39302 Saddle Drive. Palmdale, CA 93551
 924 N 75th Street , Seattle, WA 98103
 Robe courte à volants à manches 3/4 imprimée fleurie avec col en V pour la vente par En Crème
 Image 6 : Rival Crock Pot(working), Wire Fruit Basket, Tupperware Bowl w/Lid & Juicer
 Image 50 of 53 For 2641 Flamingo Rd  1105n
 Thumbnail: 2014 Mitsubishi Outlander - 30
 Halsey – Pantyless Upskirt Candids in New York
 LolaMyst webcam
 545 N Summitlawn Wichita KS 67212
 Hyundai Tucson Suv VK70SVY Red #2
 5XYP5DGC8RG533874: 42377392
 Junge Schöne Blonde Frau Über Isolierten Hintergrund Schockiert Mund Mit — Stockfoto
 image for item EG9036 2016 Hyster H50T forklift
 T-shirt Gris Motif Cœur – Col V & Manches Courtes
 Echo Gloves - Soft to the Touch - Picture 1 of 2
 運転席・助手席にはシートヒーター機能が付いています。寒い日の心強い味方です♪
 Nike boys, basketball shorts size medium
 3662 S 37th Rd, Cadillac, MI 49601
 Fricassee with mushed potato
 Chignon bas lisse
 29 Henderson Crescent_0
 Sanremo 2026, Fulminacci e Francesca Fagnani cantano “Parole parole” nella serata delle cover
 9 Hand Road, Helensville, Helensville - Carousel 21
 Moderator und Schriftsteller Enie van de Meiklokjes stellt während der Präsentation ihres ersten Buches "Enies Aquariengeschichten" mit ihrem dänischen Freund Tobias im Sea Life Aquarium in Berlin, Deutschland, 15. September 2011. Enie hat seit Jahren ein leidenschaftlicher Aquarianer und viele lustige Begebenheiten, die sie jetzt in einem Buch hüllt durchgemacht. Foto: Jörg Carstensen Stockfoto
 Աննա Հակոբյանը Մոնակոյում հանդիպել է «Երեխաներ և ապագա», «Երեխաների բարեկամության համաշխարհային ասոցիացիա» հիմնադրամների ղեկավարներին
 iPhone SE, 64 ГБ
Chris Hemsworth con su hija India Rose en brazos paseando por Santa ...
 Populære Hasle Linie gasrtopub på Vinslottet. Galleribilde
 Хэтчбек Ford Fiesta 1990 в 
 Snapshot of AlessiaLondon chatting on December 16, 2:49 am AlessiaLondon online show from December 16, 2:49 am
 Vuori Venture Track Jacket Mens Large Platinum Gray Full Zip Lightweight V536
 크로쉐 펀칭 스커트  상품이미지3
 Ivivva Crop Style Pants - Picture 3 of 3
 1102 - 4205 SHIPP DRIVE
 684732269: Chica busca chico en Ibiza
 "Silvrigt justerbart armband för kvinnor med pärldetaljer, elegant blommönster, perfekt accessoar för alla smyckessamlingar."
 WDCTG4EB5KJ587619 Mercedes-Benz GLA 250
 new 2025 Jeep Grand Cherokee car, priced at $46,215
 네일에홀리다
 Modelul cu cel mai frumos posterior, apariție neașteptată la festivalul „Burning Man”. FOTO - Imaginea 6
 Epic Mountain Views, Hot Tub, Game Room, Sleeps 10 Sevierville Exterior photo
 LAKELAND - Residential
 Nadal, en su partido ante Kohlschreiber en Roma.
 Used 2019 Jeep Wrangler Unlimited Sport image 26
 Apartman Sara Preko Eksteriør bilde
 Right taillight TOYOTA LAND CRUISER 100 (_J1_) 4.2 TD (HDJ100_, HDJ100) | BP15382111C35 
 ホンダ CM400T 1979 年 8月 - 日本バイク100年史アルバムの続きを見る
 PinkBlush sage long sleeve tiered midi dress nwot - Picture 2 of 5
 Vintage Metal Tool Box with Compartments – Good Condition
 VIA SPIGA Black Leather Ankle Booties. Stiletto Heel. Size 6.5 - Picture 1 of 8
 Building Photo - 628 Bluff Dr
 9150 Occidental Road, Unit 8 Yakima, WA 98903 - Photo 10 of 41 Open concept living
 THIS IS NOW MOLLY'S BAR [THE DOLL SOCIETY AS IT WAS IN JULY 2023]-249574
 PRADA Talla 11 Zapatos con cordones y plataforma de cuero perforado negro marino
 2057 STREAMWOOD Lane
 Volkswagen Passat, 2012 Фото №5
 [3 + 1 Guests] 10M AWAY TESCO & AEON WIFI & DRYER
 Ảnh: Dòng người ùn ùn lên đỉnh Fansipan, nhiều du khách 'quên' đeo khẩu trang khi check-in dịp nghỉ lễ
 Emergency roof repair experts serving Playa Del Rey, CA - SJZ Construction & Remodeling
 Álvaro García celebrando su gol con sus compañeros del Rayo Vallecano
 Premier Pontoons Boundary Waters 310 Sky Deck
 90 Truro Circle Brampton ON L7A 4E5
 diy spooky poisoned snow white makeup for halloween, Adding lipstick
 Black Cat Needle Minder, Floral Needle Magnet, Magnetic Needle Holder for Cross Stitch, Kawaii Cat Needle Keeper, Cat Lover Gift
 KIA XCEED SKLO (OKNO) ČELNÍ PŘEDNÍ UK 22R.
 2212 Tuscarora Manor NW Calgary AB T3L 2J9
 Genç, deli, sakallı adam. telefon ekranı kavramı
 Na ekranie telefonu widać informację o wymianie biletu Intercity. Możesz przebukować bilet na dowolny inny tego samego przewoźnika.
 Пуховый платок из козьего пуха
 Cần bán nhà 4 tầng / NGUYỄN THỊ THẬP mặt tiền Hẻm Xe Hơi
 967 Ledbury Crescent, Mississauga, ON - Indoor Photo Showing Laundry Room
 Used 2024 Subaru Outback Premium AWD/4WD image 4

_EXERCISE INSTRUCTIONS_:
Above are the records. Print exactly, and only, the lines from the line with "Image 50 of" to the line with "1102 - 4205 SHIPP DRIVE", both inclusive.

_SOLUTION FOR THIS EXERCISE_:
 Image 50 of 53 For 2641 Flamingo Rd  1105n
 Thumbnail: 2014 Mitsubishi Outlander - 30
 Halsey – Pantyless Upskirt Candids in New York
 LolaMyst webcam
 545 N Summitlawn Wichita KS 67212
 Hyundai Tucson Suv VK70SVY Red #2
 5XYP5DGC8RG533874: 42377392
 Junge Schöne Blonde Frau Über Isolierten Hintergrund Schockiert Mund Mit — Stockfoto
 image for item EG9036 2016 Hyster H50T forklift
 T-shirt Gris Motif Cœur – Col V & Manches Courtes
 Echo Gloves - Soft to the Touch - Picture 1 of 2
 運転席・助手席にはシートヒーター機能が付いています。寒い日の心強い味方です♪
 Nike boys, basketball shorts size medium
 3662 S 37th Rd, Cadillac, MI 49601
 Fricassee with mushed potato
 Chignon bas lisse
 29 Henderson Crescent_0
 Sanremo 2026, Fulminacci e Francesca Fagnani cantano “Parole parole” nella serata delle cover
 9 Hand Road, Helensville, Helensville - Carousel 21
 Moderator und Schriftsteller Enie van de Meiklokjes stellt während der Präsentation ihres ersten Buches "Enies Aquariengeschichten" mit ihrem dänischen Freund Tobias im Sea Life Aquarium in Berlin, Deutschland, 15. September 2011. Enie hat seit Jahren ein leidenschaftlicher Aquarianer und viele lustige Begebenheiten, die sie jetzt in einem Buch hüllt durchgemacht. Foto: Jörg Carstensen Stockfoto
 Աննա Հակոբյանը Մոնակոյում հանդիպել է «Երեխաներ և ապագա», «Երեխաների բարեկամության համաշխարհային ասոցիացիա» հիմնադրամների ղեկավարներին
 iPhone SE, 64 ГБ
Chris Hemsworth con su hija India Rose en brazos paseando por Santa ...
 Populære Hasle Linie gasrtopub på Vinslottet. Galleribilde
 Хэтчбек Ford Fiesta 1990 в 
 Snapshot of AlessiaLondon chatting on December 16, 2:49 am AlessiaLondon online show from December 16, 2:49 am
 Vuori Venture Track Jacket Mens Large Platinum Gray Full Zip Lightweight V536
 크로쉐 펀칭 스커트  상품이미지3
 Ivivva Crop Style Pants - Picture 3 of 3
 1102 - 4205 SHIPP DRIVE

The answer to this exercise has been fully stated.